Title: StrataSpore Layered Cake
Interpretation: When the largest and oldest living organism known surfaces, it manifests as a delicate mushroom no bigger than the palm of a hand. Inspired by rhizome networks as tools for bioremediation, a metaphor for the layers of unseen infrastructure below our feet, and a collaborative niche upon which to focus a collective narrative, we propose a multifaceted interactive research project that will culminate in events combining dance, education, environmental remediation and architecture. StrataSpore is a platform for collective knowledge about local NYC ecosystems and its potential for applications in urban sustainability. The platform will cultivate “spores” of knowledge by combining elements of task/performance-based art, experiential learning, and experimental design practice that implements a dialogue about unseen, natural, and man-made systems as sites for restorative sustainability applications. Our focus is directed towards the mushroom, and its potential for changing the ecology within a landscape. We invite communities and individuals to partake (with biG CAAKe) in a cross-disciplinary practice of visualization and re-interpretation of natural systems (mycology) as models for community engagement. Based on the connective function and form of mushroom ecology, StrataSpore will harness local fungi as a model and means for engagement and re-interpretation of living in urban spaces.
Bio: biG CAAKe is a cross-disciplinary collective that studies mycology as part of their practice. biG CAAKe was awarded an ILAND Research Fellowship, and are presently collaborating and studying with Mycologist, Gary Lincoff. Please visit their website to find out more about their upcoming events this fall.
Food Artist: Lucia Madriz
Title: All Under Control, 2007
Ingredients: Rice and Beans Installation
Dimensions: 1.2m x 1.2m
Interpretation: The installations made of basic grains are concerned about genetic modified food – it became clear in my country the need to implement laws to protect Costa Rica’s rural agricultural practices, biodiversity and environment.
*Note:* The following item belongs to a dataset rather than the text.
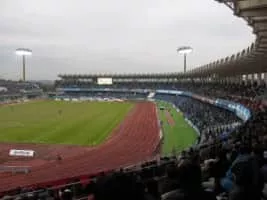 Kawasaki Frontale - Association Football team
When we talk about genetic modified food we are talking about alimentary sovereignty and an economic model of dependency. The arguments on favor are weak but the money interest behind are huge. Just imagine that no seed in the world will be for free or organic.Within all this battle field of fuel crisis, environmental impacts and starving populations, the money makers are talking about Biofuel out of corn, Ethanol, without considering other ways like electricity, solar energy, recycled oil, etc. Imagine that in order to supply US use of oil you need to take 25 States to grow corn. So, where will be the space for food?It doesn’t matter how you create a business. It is all about Means to an end… We are not longer there, we cannot afford that irresponsibility any more because we might finally achieve The End.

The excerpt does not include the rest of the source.